Confusing Question on Compass Test

[tylerlopez]

Hi everyone, I recently took the Compass test and one particular question stumped me,
it said... for all X>1



Thank you for the help!

 

[JeffM]

Hi everyone, I recently took the Compass test and one particular question stumped me,
it said... for all X>1

View attachment 3415

Thank you for the help!

What was the question?

 

[tylerlopez]

What was the question?

The question was my picture.

I'd like to add my answer was 1-2xy^2/x^2+3x-1, I don't know whether or not I was correct as the compass did not tell me. However, I do not believe I was.

 

[JeffM]

The question was my picture.

I'd like to add my answer was 1-2xy^2/x^2+3x-1, I don't know whether or not I was correct as the compass did not tell me. However, I do not believe I was.

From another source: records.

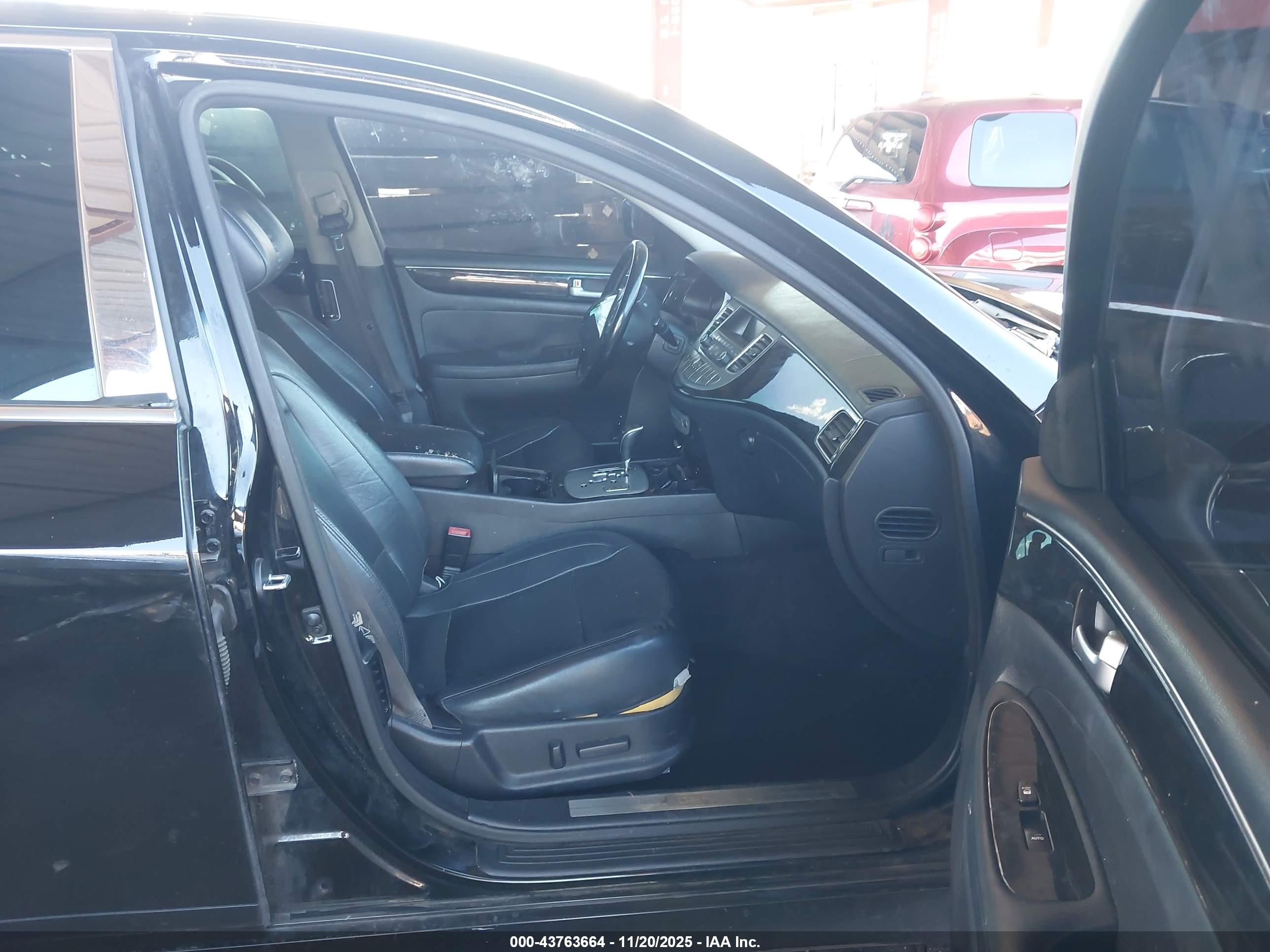 HYUNDAI GENESIS image 5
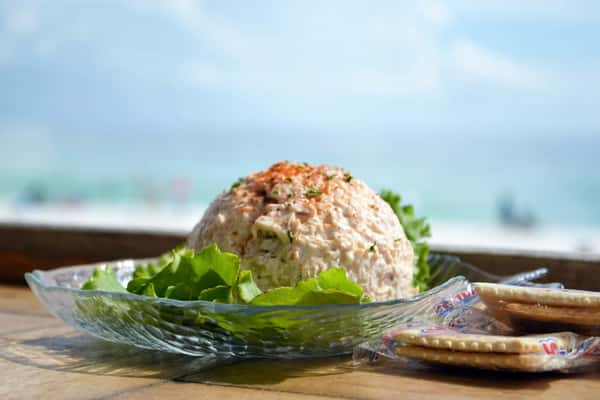Serving up a little protein between sets! 🏐🐟
The Boardwalk is proud to be a venue host for this year’s Fud’s Volleyball Tournament on Okaloosa Island! Whether you’re competing on the sand or cheering from the sidelines, fuel up with our award-winning Smoked Tuna Dip and enjoy all the action along the beach. ☀️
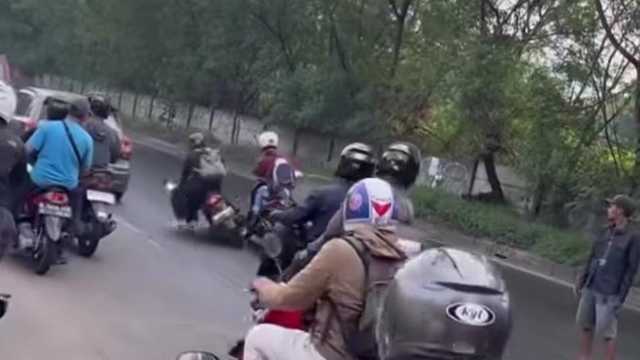 Video Viral: Pemotor Berjatuhan di Cakung, Jalan Licin Tumpahan Minyak Truk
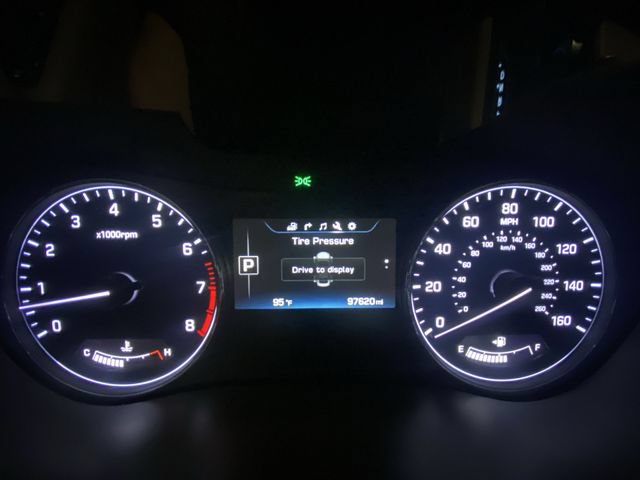 Used 2015 Hyundai Genesis 3.8 RWD image 15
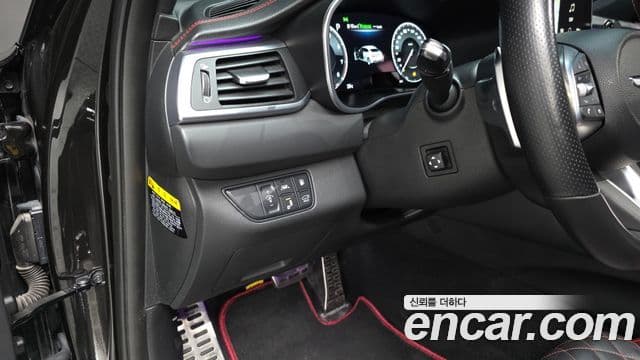 Genesis G70 2019 — ფოტო 13/20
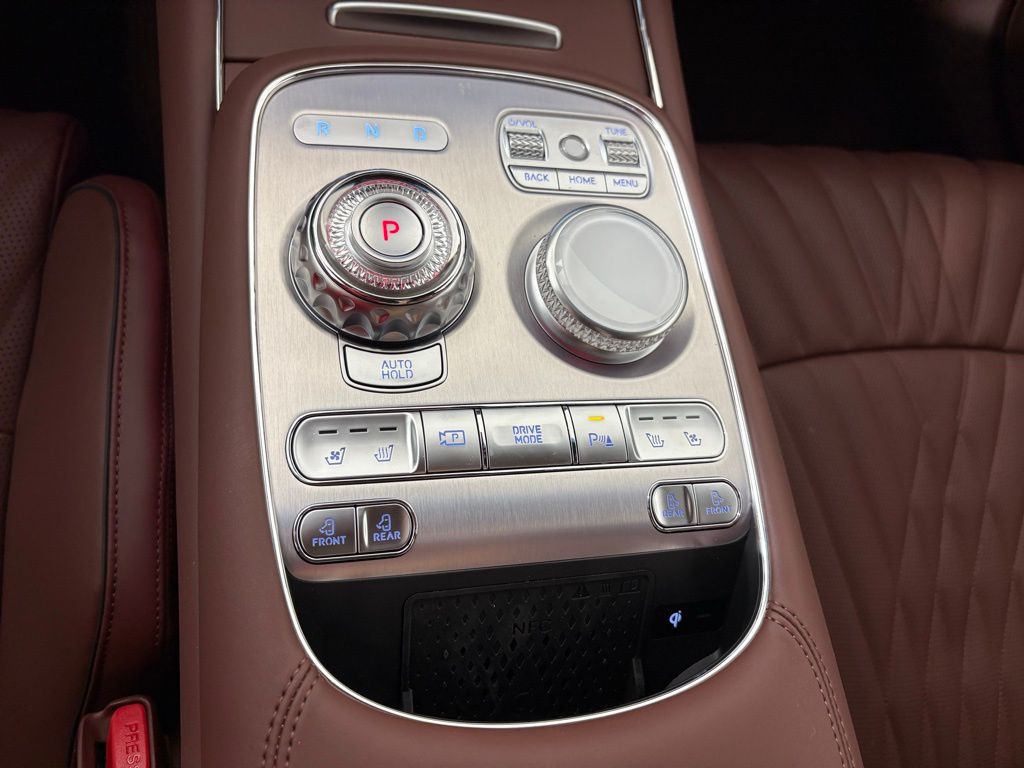 Thumbnail: 2026 Genesis G90 - 40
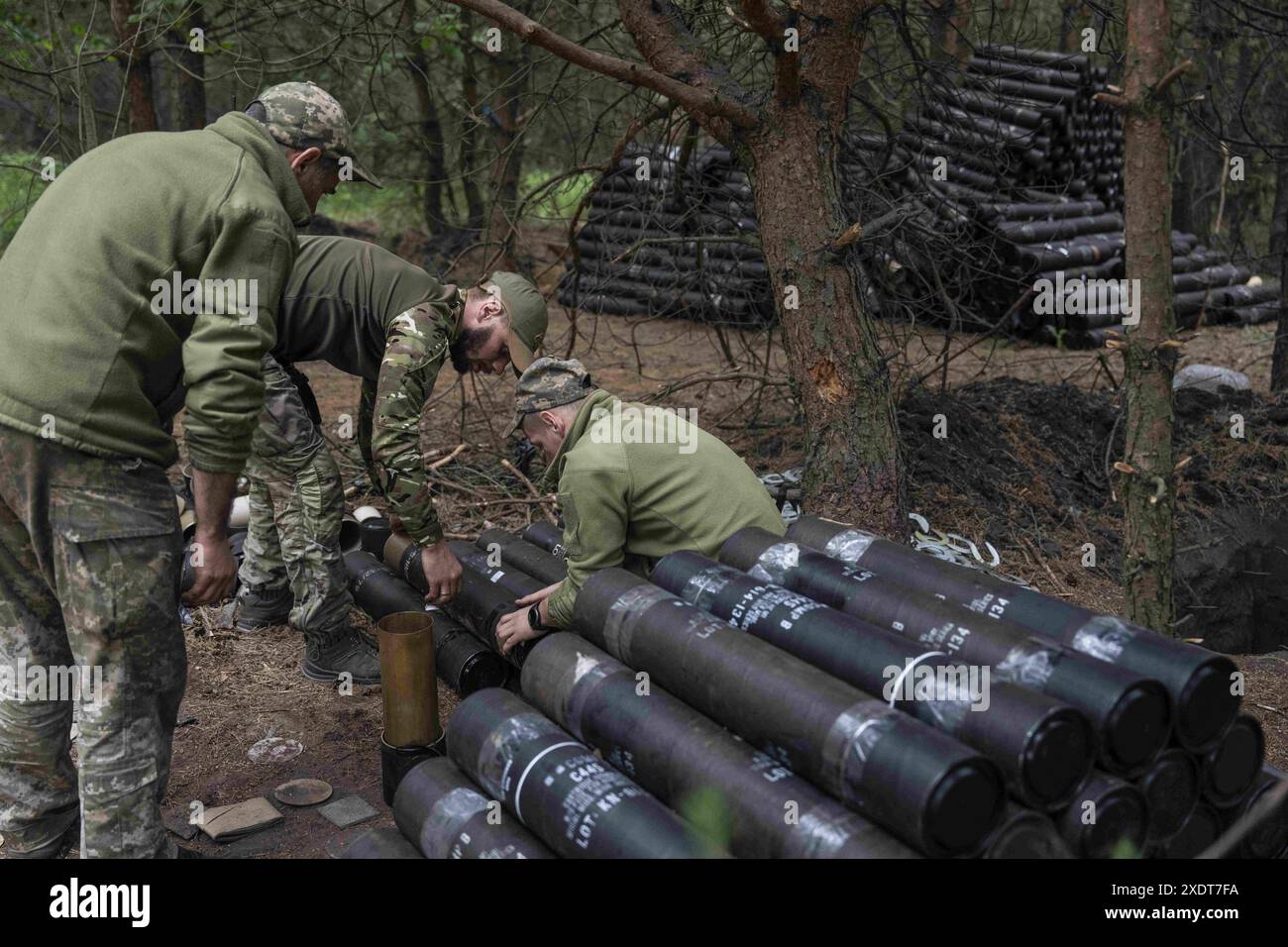 Charkiv, Ukraine. Juni 2024. Soldaten der 57. Brigade bereiten Munition für eine Artillerieeinheit auf ukrainischer Position in der Nähe von Wowchansk, Oblast Charkiw vor. Die Kämpfe in der Oblast Charkiw haben zugenommen, seit Russland im Mai seine letzte Offensive in der Region gestartet hat. (Credit Image: © Laurel Chor/SOPA Images via ZUMA Press Wire) NUR REDAKTIONELLE VERWENDUNG! Nicht für kommerzielle ZWECKE! Stockfoto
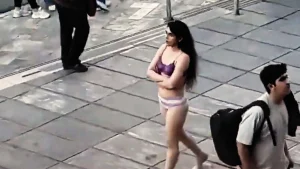 Thumbnail voor Beelden protestactie Iraanse vrouw in ondergoed gaan viral: 'Ongezien en bijzonder dapper'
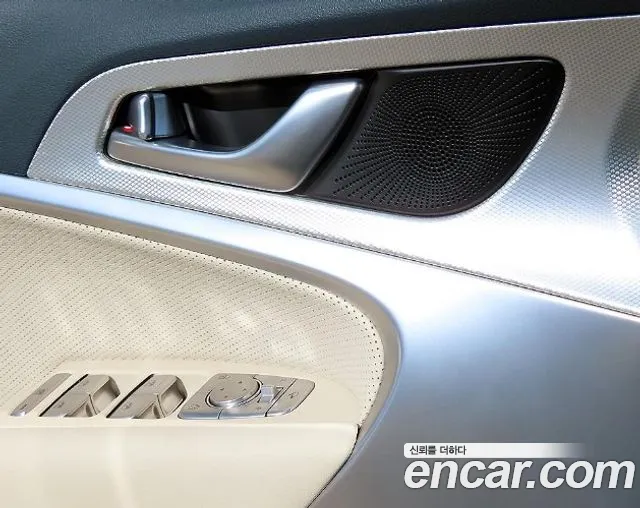 Genesis G70 New — Фото автомобиля 14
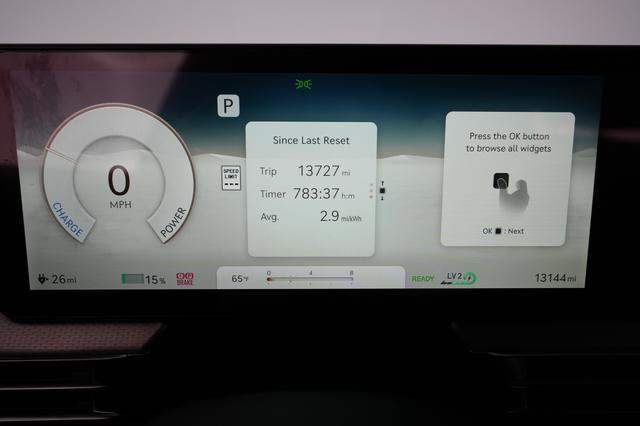 2024 Genesis GV60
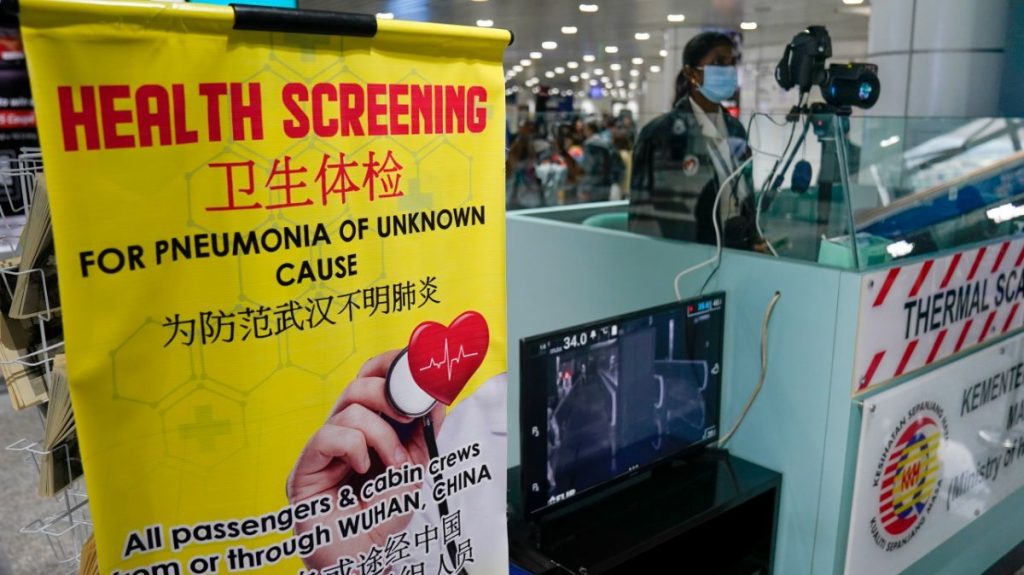 México, en alerta por contagio de coronavirus chino en EEUU; aeropuertos toman medidas
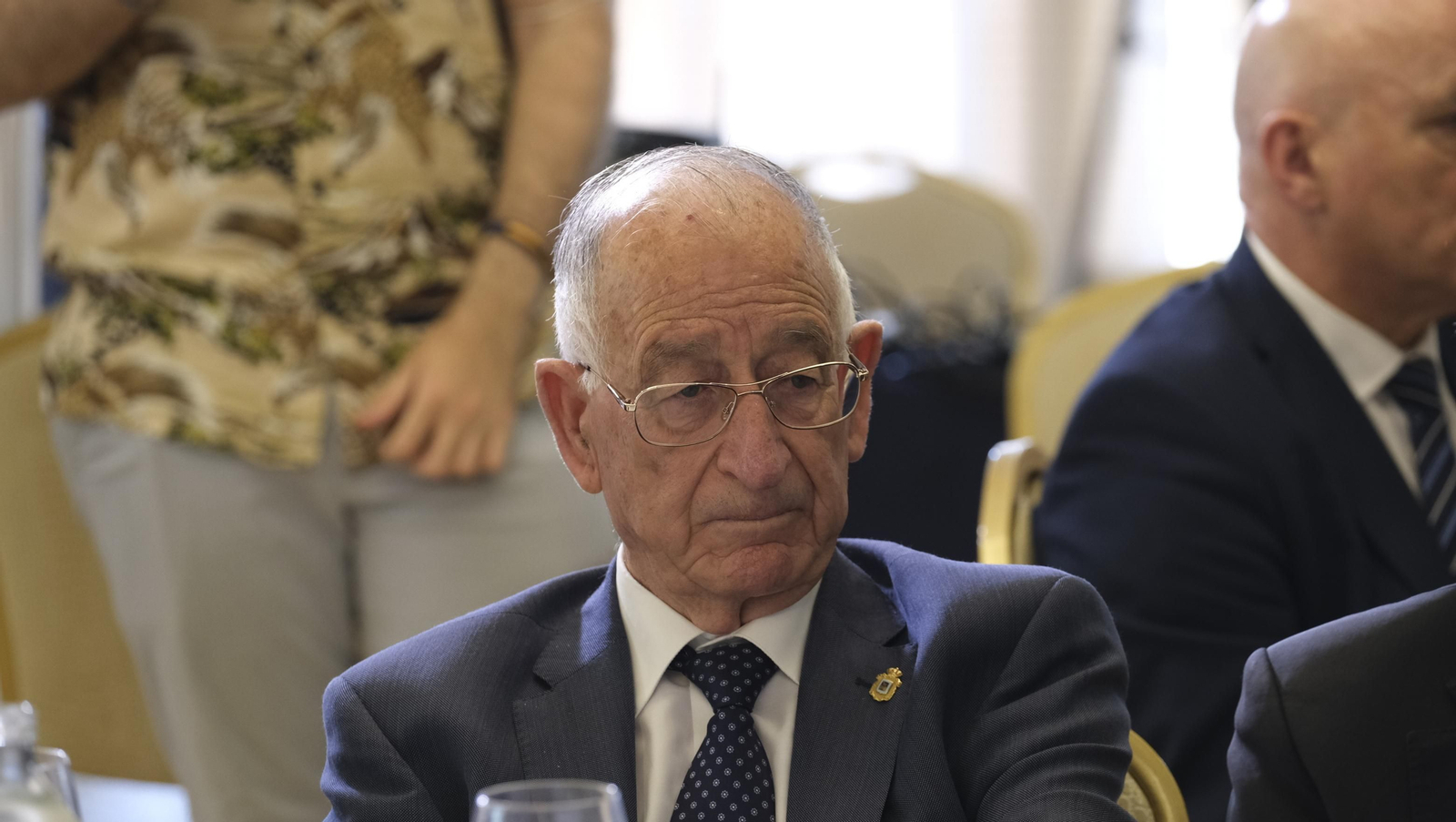 Imágenes del desayuno coloquio de Diario de Almeria y Hidralia.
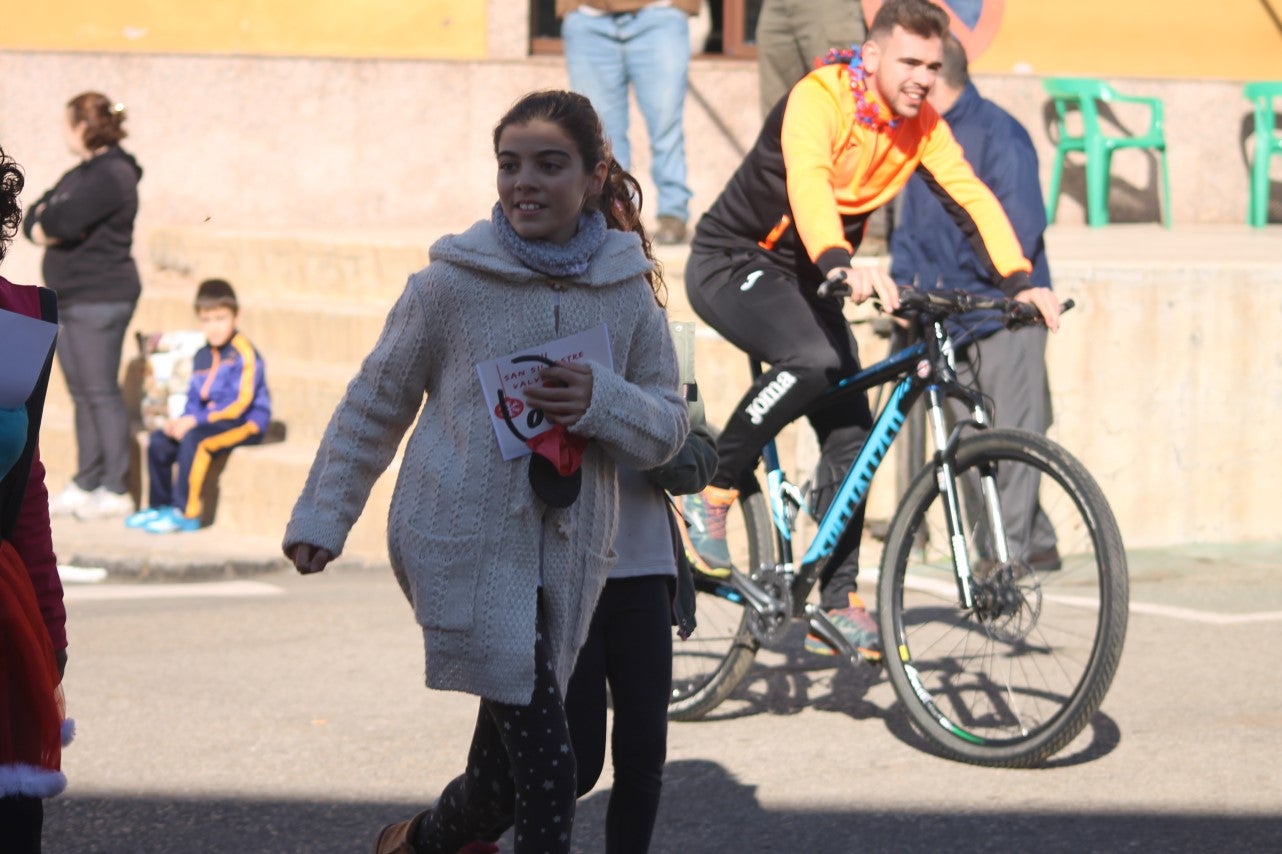 Algunas imágenes de la tercera edición de la San Silvestre Solidaria 2018, celebrada en Valverde de Leganés (30-12-2018)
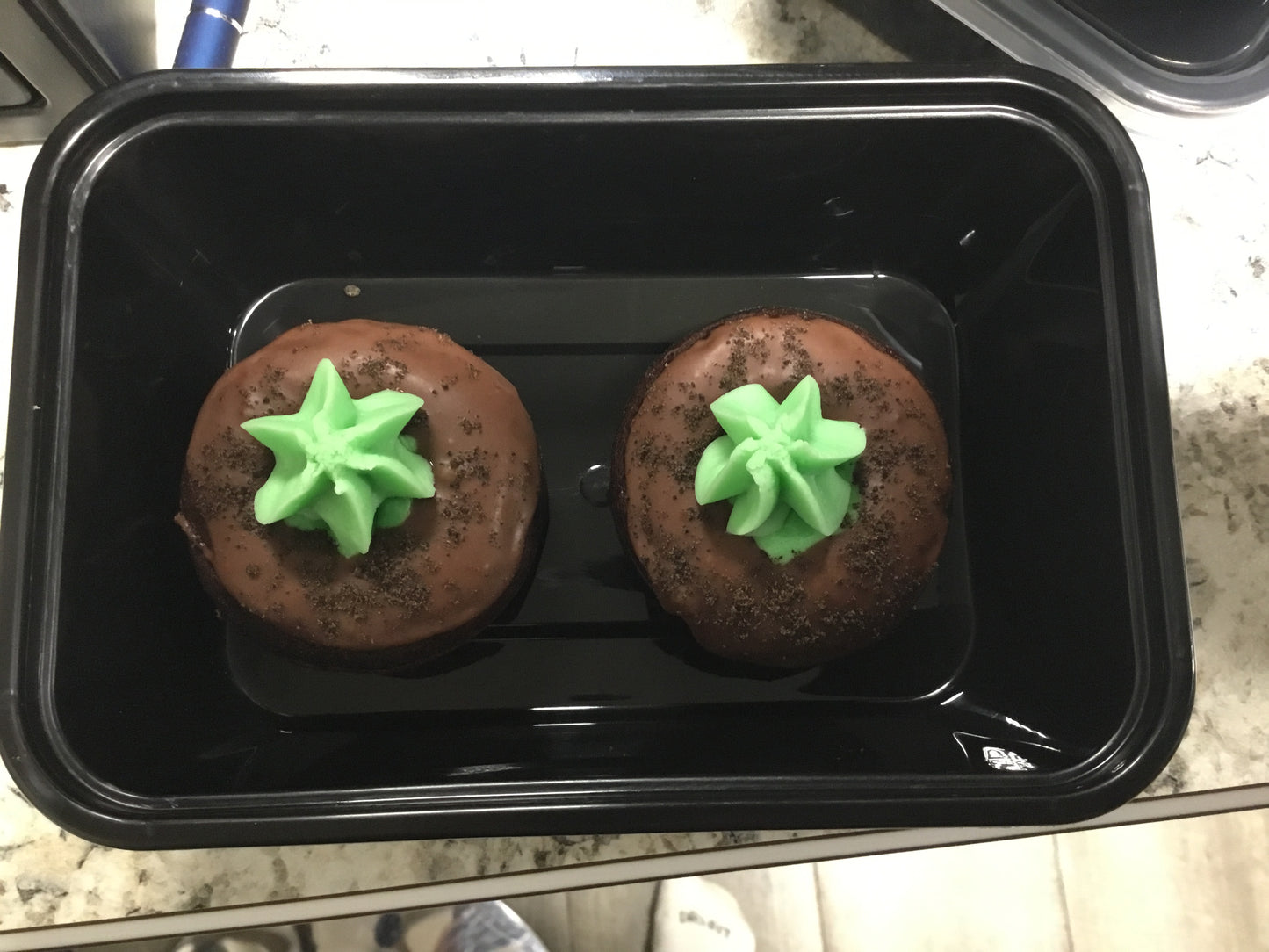 Mint chocolate protein donuts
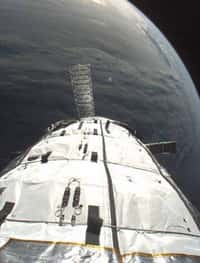 Genesis-1 peu de temps après sa mise en orbite à 450 km d'altitude.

I'm sorry. I cannot answer an expression. I can answer some questions, but I have no clue what the answer to an expression is. Now if there had been instructions such as "simplify" or "evaluate when x = 2 and y = 7," there would be an answer.

 

[tylerlopez]

I'm sorry. I cannot answer an expression. I can answer some questions, but I have no clue what the answer to an expression is. Now if there had been instructions such as "simplify" or "evaluate when x = 2 and y = 7," there would be an answer.

Oh I'm sorry, there weren't instructions about simplifying but I know that's what the particular problem wanted.

Sorry for the misconception.
The simplifying is what I had troubles with.

 

[JeffM]

Oh I'm sorry, there weren't instructions about simplifying but I know that's what the particular problem wanted.

Sorry for the misconception.
The simplifying is what I had troubles with.

\(\displaystyle \dfrac{2x - 4x^2y}{2x^3 + 6x^2 - 2x} = \dfrac{2x(1 - 2xy^2)}{2x(x^2 + 3x - 1)} = \dfrac{1 - xy^2}{x^2 + 3x - 1}.\)

Now that is not the answer that you gave because you forgot to use grouping symbols, but I suspect that you meant the correct answer.

However, I still am unsure that you really understood the question that was being asked because x > 1 does not seem particularly relevant to simplification. (x > 0 would be relevant.)

 

[tylerlopez]

\(\displaystyle \dfrac{2x - 4x^2y}{2x^3 + 6x^2 - 2x} = \dfrac{2x(1 - 2xy^2)}{2x(x^2 + 3x - 1)} = \dfrac{1 - xy^2}{x^2 + 3x - 1}.\)

Now that is not the answer that you gave because you forgot to use grouping symbols, but I suspect that you meant the correct answer.

However, I still am unsure that you really understood the question that was being asked because x > 1 does not seem particularly relevant to simplification. (x > 0 would be relevant.)

It may have said then X =....?
I don't understand the concept of x > 1 and x > 0 and x(does not equal)0. I saw several of those on the compass test and wasn't certain if that was some sort of clarification or if it was relevant to the question.
Would you happen to know, what is the term for when there is a preceding message such as x>1 and x>0 so that I may look for a lesson on that topic?

 

[JeffM]

It may have said then X =....?
I don't understand the concept of x > 1 and x > 0 and x(does not equal)0. I saw several of those on the compass test and wasn't certain if that was some sort of clarification or if it was relevant to the question.
Would you happen to know, what is the term for when there is a preceding message such as x>1 and x>0 so that I may look for a lesson on that topic?

Without having the context of specific problem, I cannot tell you the precise meaning of a qualification such as x > 1. Generically, however,
x > 1 is as an instruction to ignore values of x unless they exceed 1. If you understand the concept of domain with respect to functions, such an instruction defines the "domain" of the problem.

With respect to rational functions or indeed any function that involves division, the domain necessarily excludes values of the variable that make the denominator equal to zero.